— YOUR GOAL —
Each line from the one containing "Liberty Pumps 2448-Series" through the last line of the records is to be repeated exactly, with all pictures left out.

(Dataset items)
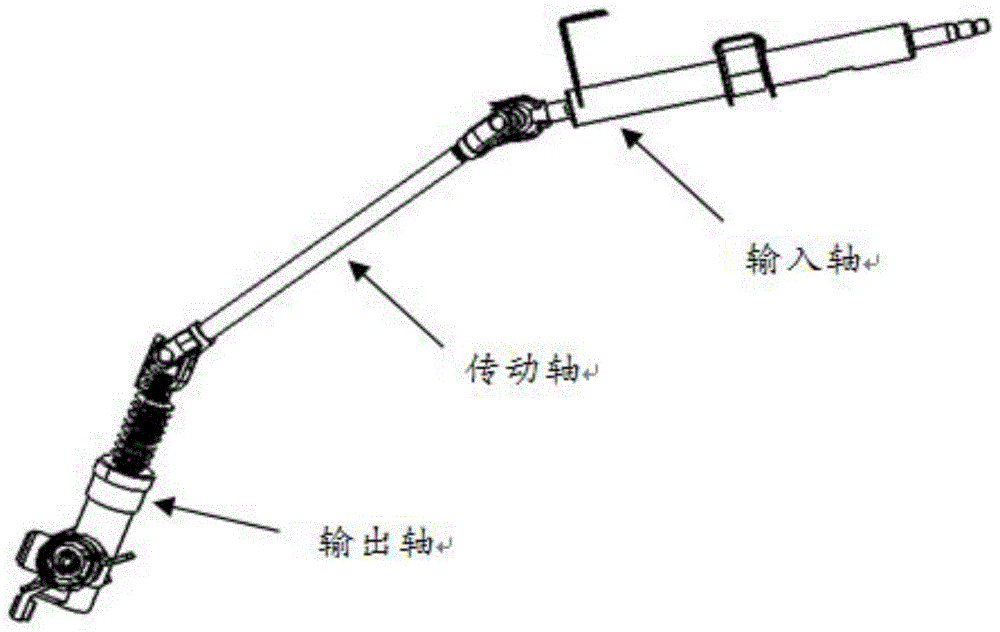 A method for optimizing an automobile steering system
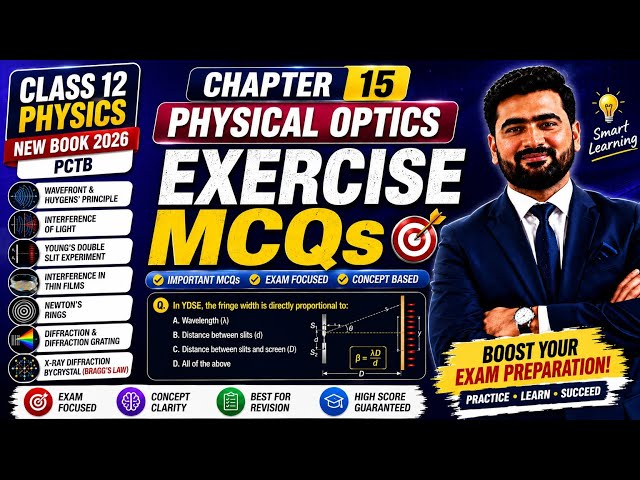 Exercise MCQs | Chapter 15 Physical Optics | Class 12 Physics New Book 2026
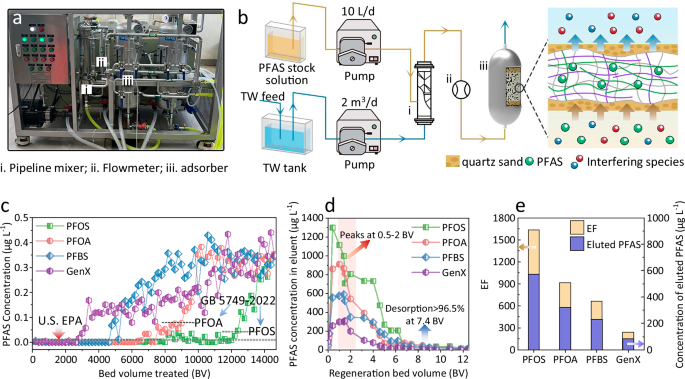 Fig. 5: Pilot-scale water treatment applications.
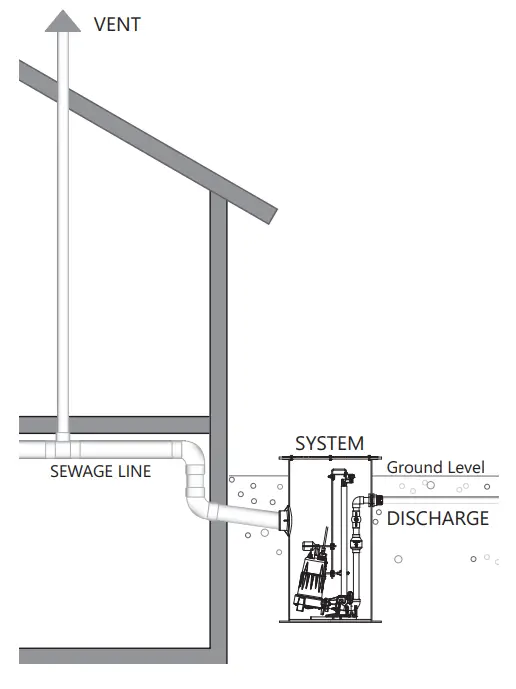 Liberty Pumps 2448-Series 2 hp Compression Grinder-- Vent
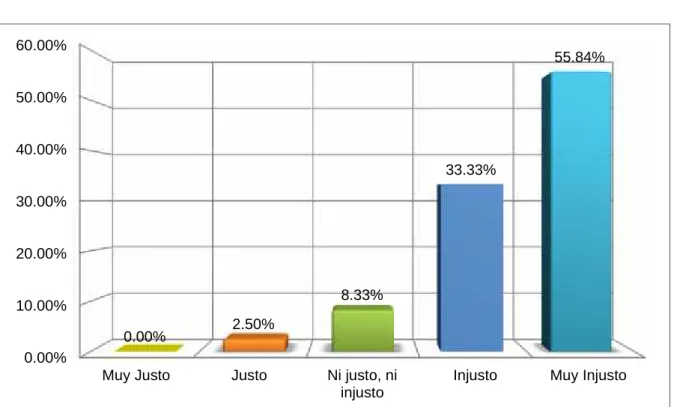 GRÁFICO Nº 02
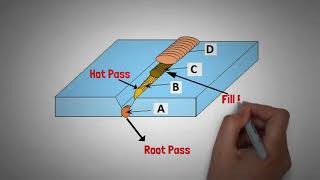 Root Pass, Hot Pass, Fill and cover Passes in welding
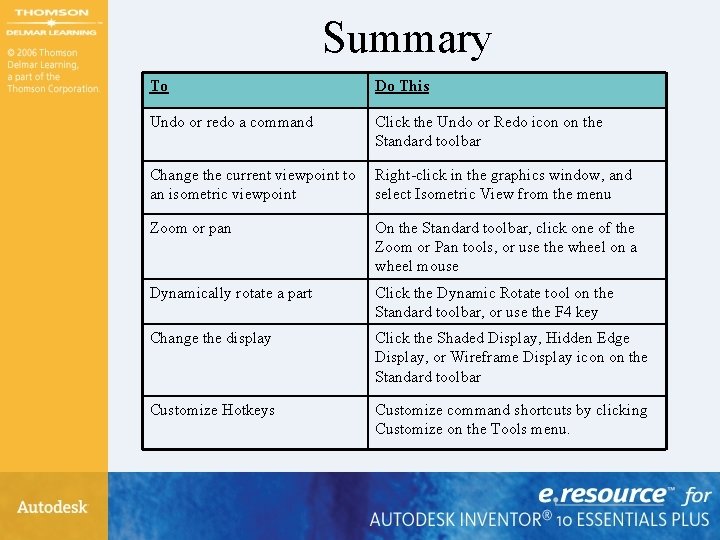 Summary To Do This Undo or redo a command Click the Undo or Redo Summary To Do This Undo or redo a command Click the Undo or Redo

— RESPONSE —
 Liberty Pumps 2448-Series 2 hp Compression Grinder-- Vent
 GRÁFICO Nº 02
 Root Pass, Hot Pass, Fill and cover Passes in welding
 Summary To Do This Undo or redo a command Click the Undo or Redo Summary To Do This Undo or redo a command Click the Undo or Redo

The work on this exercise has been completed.